Manusia memiliki hak asasi karena manusia memiliki martabat yang bersifat pribadi. Tanpa mengabaikan catatan penting dalam ‘Gaudium et Spes’, saya akan memfokuskan uraian ini pada Ensiklik mendiang Paus Yohanes XXIII, ‘Pacem in Terris’, yang banyak berbicara tentang HAM.
‘Pacem in Terris’ menyebutkan beberapa hak yang disebut sebagai HAM, yakni; hak untuk hidup (art. 11), hak untuk dihargai (art. 12), hak untuk memperoleh pendidikan yang layak (art. 13), hak untuk beragama dan beribadat (art. 14), hak untuk menentukan corak hidup (art. 15), hak untuk berkarya dan mendapat upah (art. 18 dan 20), hak untuk memiliki harta benda (art. 21), hak untuk membentuk serikat atau organisasi (art. 23), hak untuk bertempat tinggal (art. 25), hak untuk terlibat aktif dalam kehidupan sosial (art. 26), dan hak untuk mendapat perlindungan hukum (art. 27).
Dengan menunjukkan secara tegas hak-hak mana yang disebut sebagai HAM, Ensiklik ‘Pacem in Terris’ lantas menekankan bahwa sumber paling fundamental dari HAM itu tidak ditemukan di luar diri manusia, bukan diserahkan oleh sebuah komunitas religius atau Negara, atau bukan berkat pencapaian suatu gelar akademik tertentu, melainkan ditemukan dan in se dalam diri manusia sendiri, dalam relasinya dengan Sang Pencipta.
Maka, ‘Pacem in Terris’ senada dengan ‘Gaudium et Spes’ yang menggarisbawahi hakikat dasariah manusia yang memiliki hak asasi karena manusia memiliki martabat yang bersifat pribadi. Oleh karena itu, HAM sekaligus bersifat universal, tidak terbatas pada golongan manusia tertentu, tanpa pilih kasih.
Kendatipun otonom (karena martabatnya yang mempribadi), manusia serentak bersifat sosial (ens sociale). Dalam hidupnya, manusia yang satu mesti mengalami perjumpaan dan ada bersama dengan yang lain. Maka, jelaslah, HAM juga saling bertemu. Untuk itu, seperti mata uang, mesti ada sisi yang lain. ‘Pacem in Terris’ menyebut sisi lain itu sebagai kewajiban-kewajiban.
‘Hak-hak kodrati yang diuraikan hingga sekarang, tidak terceraikan dari sekian banyak kewajiban, yang semuanya berlaku bagi pribadi yang sama. Hak-hak maupun kewajiban-kewajiban itu bertumpu pada hukum kodrati, ditopang olehnya, dan karenanya, tidak terhapuskan.

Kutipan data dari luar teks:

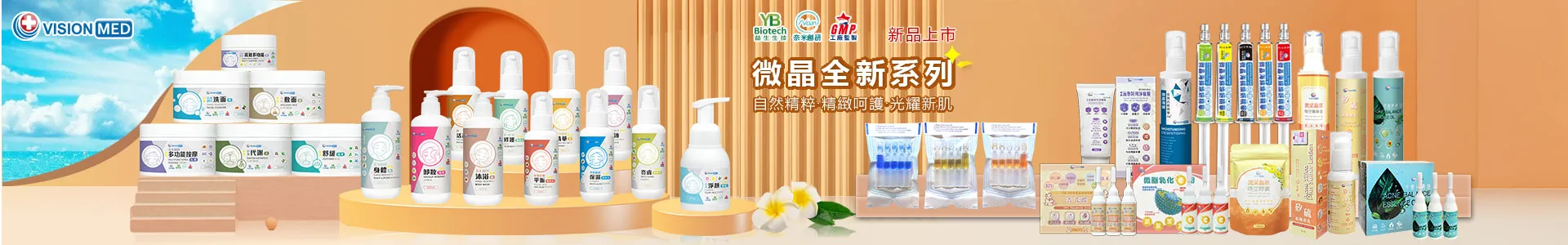 微晶生醫有限公司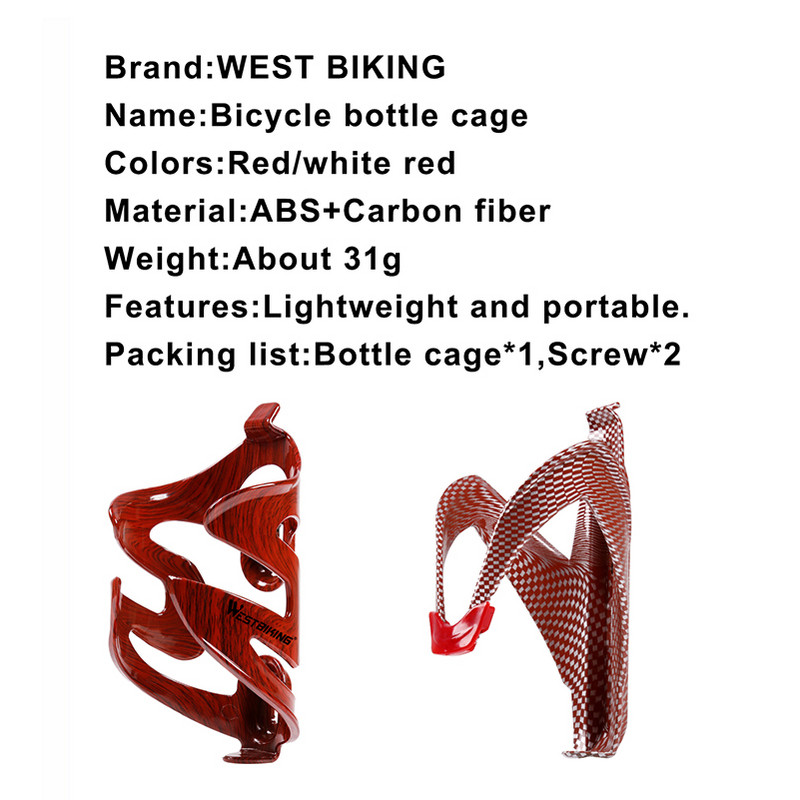 WEST BIKING Клетка за бутилка за велосипеди от въглеродни влакна Лек пътен MTB велосипед Държач за бутилка за вода с винтове Държач за бутилка за колоездене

Seraya memberi hak-hak, hukum kodrati menggariskan kewajiban-kewajiban’ (art. 28). Hal ini berarti, HAM selalu diikuti KAM (Kewajiban Asasi Manusia), KAM selalu bersama HAM, dua entitas yang mana satu tak bisa jauh terlepas dari yang lain.

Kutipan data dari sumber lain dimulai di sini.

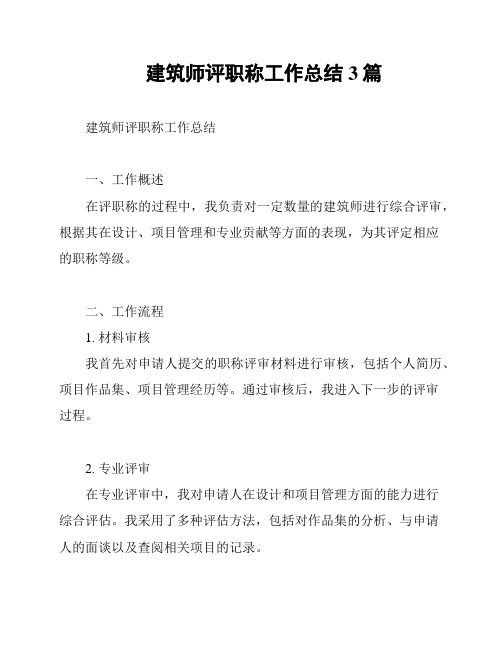 建筑师评职称工作总结3篇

Ada kewajiban untuk memelihara hidup sendiri dan orang lain (art. 29 dan 32), kewajiban untuk mengakui dan menghormati sesama (art. 30), kewajiban untuk menciptakan ketertiban dalam masyarakat (art. 31), kewajiban membangun masyarakat (art. 33), serta kerja sama dan tanggung jawab (art. 34).
Tugas Kita
Kini, dengan amat benderang kita dapat menangkap apa kata Ensiklik ‘Pacem in Terris’ tentang HAM. Bahwasannya, HAM itu melekat erat pada setiap manusia sebagai magnum miraculum yang bermartabat. Dan, HAM selalu diikuti dengan kewajiban-kewajiban. Akhirnya, dan sekiranya tidak diabaikan begitu saja, poin kunci yang menjadi landasan bagi berdirinya relasi timbal-balik HAM dan KAM ialah kebenaran dan keadilan (art. 35).
Sampai di sini, setelah kita, baik langsung maupun tidak langsung mendengar atau menyaksikan maraknya pelanggaran HAM di mana-mana, kita, terutama anggota Gereja tidak diharapkan untuk diam, bungkam.
Entah dalam skala yang paling global, lalu nasional, dan lokal dalam keseharian hidup kita, ‘Pacem in Terris’ hendaknya menjadi landasan dan kekuatan untuk berjuang bagi kemanusiaan kita dan sesama kita. Kita sedang mengikuti Kristus yang wafat demi membela HAM orang-orang kecil dan ‘Pacem in Terris’ menjadi semacam nutrisi baru bagi perjuangan kita.